また、上述のスチレン系熱可塑性エラストマーは、2種以上のものが混合して用いられてもよい。
【0014】
本発明で用いられる粘着付与樹脂は、ロジン系樹脂、テルペン系樹脂、クマロン系樹脂およびフェノール系樹脂からなる群から選ばれた少なくとも1種のものである。
【0015】
ここで、ロジン系樹脂の具体例としては、ロジン、重合ロジン、不均化ロジン、水添ロジン、マレイン化ロジンおよびフマル化ロジン、これらのロジンのグリセリンエステル、ペンタエリスリトールエステル、メチルエステルおよびトリエチレングリコールエステルなどのエステル誘導体、並びにロジン変性フェノール樹脂などを挙げることができる。
【0016】
テルペン系樹脂の具体例としては、ポリテルペン樹脂、テルペンフェノール樹脂、テルペン系水素添加樹脂、スチレン変性テルペン系樹脂、α−ピネン樹脂およびβ−ピネン樹脂などを挙げることができる。
クマロン系樹脂の具体例としては、クマロン樹脂、クマロン・インデン樹脂、並びにクマロン樹脂とナフテン系油、フェノール樹脂およびロジンなどとの混合物などを挙げることができる。
【0017】
フェノール樹脂の具体例としては、p−tert−ブチルフェノール・アセチレン樹脂、フェノール・ホルムアルデヒド樹脂およびキシレン・ホルムアルデヒド樹脂などを挙げることができる。
【0018】
本発明においては、上述の各種粘着付与樹脂のうち、ロジングリセリンエステル、ロジンペンタエリスリトールエステル、ロジン変性フェノール樹脂およびテルペンフェノール樹脂が好ましく用いられる。
上述の各種粘着付与樹脂は、それぞれ単独で用いられてもよいし、2種以上のものが併用されてもよい。
【0019】
スチレン系熱可塑性エラストマーに対する粘着付与樹脂の混合割合は、通常、スチレン系熱可塑性エラストマー100重量部に対して0.1〜230重量部に設定するのが好ましく、1〜45重量部に設定するのがより好ましい。
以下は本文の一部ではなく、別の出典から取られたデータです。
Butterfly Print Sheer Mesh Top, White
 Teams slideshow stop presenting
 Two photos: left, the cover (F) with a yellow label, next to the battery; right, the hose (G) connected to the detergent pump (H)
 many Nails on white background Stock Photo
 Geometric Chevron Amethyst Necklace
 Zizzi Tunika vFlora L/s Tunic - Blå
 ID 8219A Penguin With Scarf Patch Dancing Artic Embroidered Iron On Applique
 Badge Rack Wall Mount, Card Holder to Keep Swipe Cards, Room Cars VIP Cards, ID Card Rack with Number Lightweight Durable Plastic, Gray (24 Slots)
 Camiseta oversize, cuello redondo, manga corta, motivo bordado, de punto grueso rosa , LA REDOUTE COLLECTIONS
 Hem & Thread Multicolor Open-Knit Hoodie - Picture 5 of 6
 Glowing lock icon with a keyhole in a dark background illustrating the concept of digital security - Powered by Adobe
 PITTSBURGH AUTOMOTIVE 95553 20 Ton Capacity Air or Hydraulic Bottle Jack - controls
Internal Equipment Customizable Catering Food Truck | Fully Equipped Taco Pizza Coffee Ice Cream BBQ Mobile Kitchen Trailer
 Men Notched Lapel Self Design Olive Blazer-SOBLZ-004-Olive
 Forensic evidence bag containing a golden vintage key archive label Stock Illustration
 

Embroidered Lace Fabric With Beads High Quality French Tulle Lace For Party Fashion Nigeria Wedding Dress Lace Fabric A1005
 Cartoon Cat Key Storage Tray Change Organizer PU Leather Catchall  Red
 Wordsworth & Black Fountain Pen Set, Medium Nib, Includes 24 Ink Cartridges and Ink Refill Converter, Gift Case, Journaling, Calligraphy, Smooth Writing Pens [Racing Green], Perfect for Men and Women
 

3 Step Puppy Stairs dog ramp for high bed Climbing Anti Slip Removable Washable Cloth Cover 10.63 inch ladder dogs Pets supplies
粘着付与樹脂の混合割合が0.1重量部未満の場合は、機械的安定性に優れたラテックスが得られ難くなるおそれがある。逆に、230重量部を超える場合は、機械的安定性に優れたスチレン系熱可塑性エラストマーラテックスが得られるものの、当該ラテックスは、スチレン系熱可塑性エラストマーラテックスに求められる本質的な機能が損なわれるおそれがある。
【0020】
上述のスチレン系熱可塑性エラストマーと粘着付与樹脂とを有機溶剤に溶解した有機相を調製する方法は、特に限定されるものではないが、通常、単にスチレン系熱可塑性エラストマーと粘着付与樹脂とを有機溶剤に溶解する方法、スチレン系熱可塑性エラストマーと粘着付与樹脂とを別々に有機溶剤に溶解して混合する方法、或いはスチレン系熱可塑性エラストマーと粘着付与樹脂とを予めニーダやロールなどを用いて溶融混合し、これにより得られる混合物を有機溶剤に溶解する方法を採用することができる。
【0021】
有機相を調製する際に用いられる有機溶剤は、スチレン系熱可塑性エラストマーと粘着付与樹脂とを共に溶解することができるものであれば特に限定されるものではなく、例えば、ヘキサンやヘプタンなどの脂肪族炭化水素系有機溶剤、シクロへキサンなどの脂環式炭化水素系有機溶剤、並びにベンゼン、トルエンおよびキシレンなどの芳香族炭化水素系有機溶剤などである。これらの有機溶剤は、それぞれ単独で用いられてもよいし、2種以上のものが併用されてもよい。
【0022】
有機相中におけるスチレン系熱可塑性エラストマーと粘着付与樹脂との濃度は、特に限定されるものではないが、通常、有機溶剤中における両者の合計の濃度が5〜40重量%になるよう設定するのが好ましい。
【0023】
一方、水相を調製する際に用いられる分散剤は、アニオン系、カチオン系およびノニオン系の各種の乳化剤である。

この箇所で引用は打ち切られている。